Ever since then, conservative politicians have led a victimhood parade of cranks, conspiracy theorists, and anti-intellectuals. Nixon may have been the most hardcore of the lot, but others merely picked up where he left off. Presidential candidates Barry Goldwater in 1964, George Wallace in 1968, and Ronald Reagan in 1980 implored and sometimes convinced voters to doubt or reject the wisdom of elites.
With the 2016 presidential primary campaign now at full throttle, the legacy of that angry populist wisdom seems more powerful than ever.
Under fire
Today, communists are no longer hiding under every rock or bed, but Republicans, masters of the paranoid style, have plenty of targets to fit the pattern: journalists, Mexican immigrants, climate scientists, unions, academics, treacherous politicians, or gun control advocates.
White politicians and activists are driving a great deal of the political conversation, to the joy of voters who feel beset by forces out of their control. The language of embattlement runs through these circles like a raging river.
Conservative Christian candidates such as Mike Huckabee, Scott Walker, Rick Santorum, and now even Donald Trump pander to the base with apocalyptic denunciations of political correctness and screeds about the dangers that whites and Christians face.
Some of this bile is relatively new, oozing out of the “birther” or Obama-is-a secret-Muslim swamp that first started fermenting in 2008. But as the historian Rick Perlstein suggested nearly a decade ago: “Conservative culture was shaped in another era, one in which conservatives felt marginal and beleaguered. It enunciated a heady sense of defiance.”

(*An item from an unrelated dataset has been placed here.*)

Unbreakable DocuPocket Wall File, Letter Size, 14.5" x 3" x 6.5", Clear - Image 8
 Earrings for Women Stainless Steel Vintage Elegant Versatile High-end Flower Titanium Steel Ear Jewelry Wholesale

And today, this defensive, distrustful mindest is in full flower.
The A-Team fights back
The Grand Old Party hosted its latest banquet of disenchantment at the Ronald Reagan Library in Simi Valley, California, on September 16. Nearly 53 years after Nixon’s snippy remark about getting kicked and abused, the spirit of embattlement is still strong. The liberal media still can’t be trusted.
“Donald Trump’s being in this race,” quipped Ted Cruz, the junior US Senator from Texas, “has forced the mainstream media finally to talk about illegal immigration.”
Then, between barbs aimed at the gallant, anti-immigrant frontrunner, who celebrates mammon and denigrates women with equal zeal, the candidates at the Reagan Library were eager to convince Americans that an overbearing government and a traitorous president had ruined their country and abused them. The kicking must stop.
Former Arkansas governor Mike Huckabee, a veteran of the 2008 primaries, was ready and able to stand up for the downtrodden. Huckabee has a special skill for demagoguery and martyrdom, and has recently made a rabbit’s foot out of Kim Davis, a Kentucky clerk who refused to do her job and issue marriage licenses to same-sex couples.
“I know that there are some in the Wall-Street-to-Washington axis of power who speak of all of us contemptuously,” he assured the hungry audience. “But I’m here to say that I think we are, in fact, the A-Team.”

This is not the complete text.